Miles Ahead is a biopic predicated on an important assumption: it assumes that the audience already likes Miles Davis (Don Cheadle) and has a profound respect and admiration for him as an artist. Set during his fabled five-year absence from the music scene (and from public life, for that matter), the film, written and directed by Cheadle, offers a window into Miles Davis the man. Through this window we see Miles in a two-day encounter with the tenacious and highly unethical Rolling Stone journalist Dave Brill (Ewan McGregor) who wants to help him by telling the world his story of isolation and artistic frustration.

The result is a drug- and alcohol-ridden buddy comedy, complete with a car chase, a record label hit man, and lines of cocaine. Combined with a peppering of flashbacks showing the unraveling of Miles’ personal and artistic life, it paints a picture of a descent into despair.

Miles Davis was a great artist, with style to boot. It is apparent from the opening interview – presumably conducted after all the events of the film – that he has his own unique experience of the creative process and understands the essence of jazz. “Don’t call it jazz, don’t call it jazz.” he insists at one point, “Call it social music.”

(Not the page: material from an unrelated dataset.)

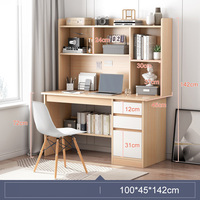 Bureau d'ordinateur compact avec étagère et étagères intégrées, poste de travail de bureau à domicile moderne pour configuration PC, bureau d'étude peu encombrant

Miles’ artistry is reflected in the film’s style and technique. It flows like a jazz song. The visuals merge and trail in and out of each other – from the present to the past and back again. A song, a place, a drink, or a gunshot might give way to a memory of Miles as he wooed, wedded, and decimated his first wife, Frances Taylor (Emayatzy Corinealdi). His past builds on itself from the present, gradually revealing to the audience how Miles got to his present state of isolation. This gives the film continuity and a coherent story even as it feels improvisational.

Image Source: Wikimedia
Image Source: Wikimedia

So it’s like jazz in cinematic form, but it also evokes a bad drug trip. Suffice it to say that a line of cocaine is scored at one point, which Miles pays for with an autograph. The moment is one of many in the film that illustrates the high cost of artistry coupled with fame. Art of the sort Miles created, the kind that reshapes boundaries and drives the evolution of genres, takes an absurd level of self confidence and an absurd disdain for the seething mass of idiocy that is humanity. It is costly for artists to refuse to conform to expectations, the film shows us, because sometimes those expectations push back, especially when they have the weight of a legal contract behind them.

Miles Ahead is also a sad reminder that genius in an individual has almost no direct correlation to the things that really matter: things like character, love, sacrifice. Pardon my crass terminology, but Miles is a Class A dick. He flatly refuses to abide by the contract with his record label, and threatens the executive with a gun when the studio comes to collect its due. He forces his way into a boxing fight by offering his face as the ticket: “you’re look at it.” At one point he finishes talking on the phone with Frances, his wife-to-be at the time, and abruptly goes to bed with two other women without a trace of guilt.

It’s no surprise Miles ends up alone. After this portrait – this “episode in the life of,” if you will – I would never wish celebrity on anyone.